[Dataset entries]
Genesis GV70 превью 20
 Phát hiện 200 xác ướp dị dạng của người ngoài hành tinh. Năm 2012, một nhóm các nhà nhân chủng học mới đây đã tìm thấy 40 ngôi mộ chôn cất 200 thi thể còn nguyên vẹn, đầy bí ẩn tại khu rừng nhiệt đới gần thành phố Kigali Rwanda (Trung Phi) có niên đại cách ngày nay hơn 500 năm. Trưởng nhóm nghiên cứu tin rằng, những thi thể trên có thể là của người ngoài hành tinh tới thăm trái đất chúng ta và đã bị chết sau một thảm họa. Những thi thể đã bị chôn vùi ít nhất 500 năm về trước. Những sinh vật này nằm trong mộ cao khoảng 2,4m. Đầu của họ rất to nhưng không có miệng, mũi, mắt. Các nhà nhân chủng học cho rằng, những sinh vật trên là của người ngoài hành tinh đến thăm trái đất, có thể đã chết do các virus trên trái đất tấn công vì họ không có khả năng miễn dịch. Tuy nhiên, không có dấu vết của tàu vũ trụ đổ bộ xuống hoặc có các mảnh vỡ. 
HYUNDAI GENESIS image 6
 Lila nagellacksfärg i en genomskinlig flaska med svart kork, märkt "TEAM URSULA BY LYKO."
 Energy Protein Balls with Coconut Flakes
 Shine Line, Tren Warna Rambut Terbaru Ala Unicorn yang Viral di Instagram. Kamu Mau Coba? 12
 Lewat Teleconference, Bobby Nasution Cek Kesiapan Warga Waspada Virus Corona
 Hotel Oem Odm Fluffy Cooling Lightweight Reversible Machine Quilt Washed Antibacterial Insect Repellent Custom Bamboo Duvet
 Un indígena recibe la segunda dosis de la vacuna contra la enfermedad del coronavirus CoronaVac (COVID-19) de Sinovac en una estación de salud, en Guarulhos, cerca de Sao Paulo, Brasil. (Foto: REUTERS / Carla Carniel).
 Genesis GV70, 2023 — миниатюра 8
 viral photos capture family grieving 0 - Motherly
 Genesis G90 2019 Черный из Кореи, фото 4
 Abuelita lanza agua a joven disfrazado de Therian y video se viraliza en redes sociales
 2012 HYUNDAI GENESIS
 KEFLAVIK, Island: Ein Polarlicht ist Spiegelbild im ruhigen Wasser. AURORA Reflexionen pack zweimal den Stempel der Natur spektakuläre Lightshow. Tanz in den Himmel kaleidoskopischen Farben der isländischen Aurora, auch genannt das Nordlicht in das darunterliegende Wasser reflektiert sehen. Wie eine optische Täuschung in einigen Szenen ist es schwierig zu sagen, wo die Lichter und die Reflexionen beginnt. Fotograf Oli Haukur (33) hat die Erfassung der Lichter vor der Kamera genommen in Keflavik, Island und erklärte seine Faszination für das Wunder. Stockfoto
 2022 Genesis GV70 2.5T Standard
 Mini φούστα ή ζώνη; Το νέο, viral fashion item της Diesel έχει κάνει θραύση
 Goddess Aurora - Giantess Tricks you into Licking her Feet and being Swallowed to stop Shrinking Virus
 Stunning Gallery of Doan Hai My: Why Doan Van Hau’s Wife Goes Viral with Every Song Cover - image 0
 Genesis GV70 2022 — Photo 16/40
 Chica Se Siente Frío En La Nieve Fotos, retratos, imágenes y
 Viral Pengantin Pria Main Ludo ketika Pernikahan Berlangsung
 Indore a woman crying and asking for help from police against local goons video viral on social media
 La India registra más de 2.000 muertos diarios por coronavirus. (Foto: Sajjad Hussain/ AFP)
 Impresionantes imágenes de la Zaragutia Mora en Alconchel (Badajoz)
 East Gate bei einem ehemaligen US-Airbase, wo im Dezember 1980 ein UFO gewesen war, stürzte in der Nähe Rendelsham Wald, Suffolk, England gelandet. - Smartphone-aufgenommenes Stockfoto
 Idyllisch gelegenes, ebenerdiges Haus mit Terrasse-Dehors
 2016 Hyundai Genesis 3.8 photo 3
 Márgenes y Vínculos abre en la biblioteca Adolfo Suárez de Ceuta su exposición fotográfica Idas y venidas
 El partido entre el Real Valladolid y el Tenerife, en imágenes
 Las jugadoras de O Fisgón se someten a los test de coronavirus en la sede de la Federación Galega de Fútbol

Your objective → Only the lines from the one with "Mini φούστα ή" through the last line above should be restated, word for word.

Result of this exercise →
 Mini φούστα ή ζώνη; Το νέο, viral fashion item της Diesel έχει κάνει θραύση
 Goddess Aurora - Giantess Tricks you into Licking her Feet and being Swallowed to stop Shrinking Virus
 Stunning Gallery of Doan Hai My: Why Doan Van Hau’s Wife Goes Viral with Every Song Cover - image 0
 Genesis GV70 2022 — Photo 16/40
 Chica Se Siente Frío En La Nieve Fotos, retratos, imágenes y
 Viral Pengantin Pria Main Ludo ketika Pernikahan Berlangsung
 Indore a woman crying and asking for help from police against local goons video viral on social media
 La India registra más de 2.000 muertos diarios por coronavirus. (Foto: Sajjad Hussain/ AFP)
 Impresionantes imágenes de la Zaragutia Mora en Alconchel (Badajoz)
 East Gate bei einem ehemaligen US-Airbase, wo im Dezember 1980 ein UFO gewesen war, stürzte in der Nähe Rendelsham Wald, Suffolk, England gelandet. - Smartphone-aufgenommenes Stockfoto
 Idyllisch gelegenes, ebenerdiges Haus mit Terrasse-Dehors
 2016 Hyundai Genesis 3.8 photo 3
 Márgenes y Vínculos abre en la biblioteca Adolfo Suárez de Ceuta su exposición fotográfica Idas y venidas
 El partido entre el Real Valladolid y el Tenerife, en imágenes
 Las jugadoras de O Fisgón se someten a los test de coronavirus en la sede de la Federación Galega de Fútbol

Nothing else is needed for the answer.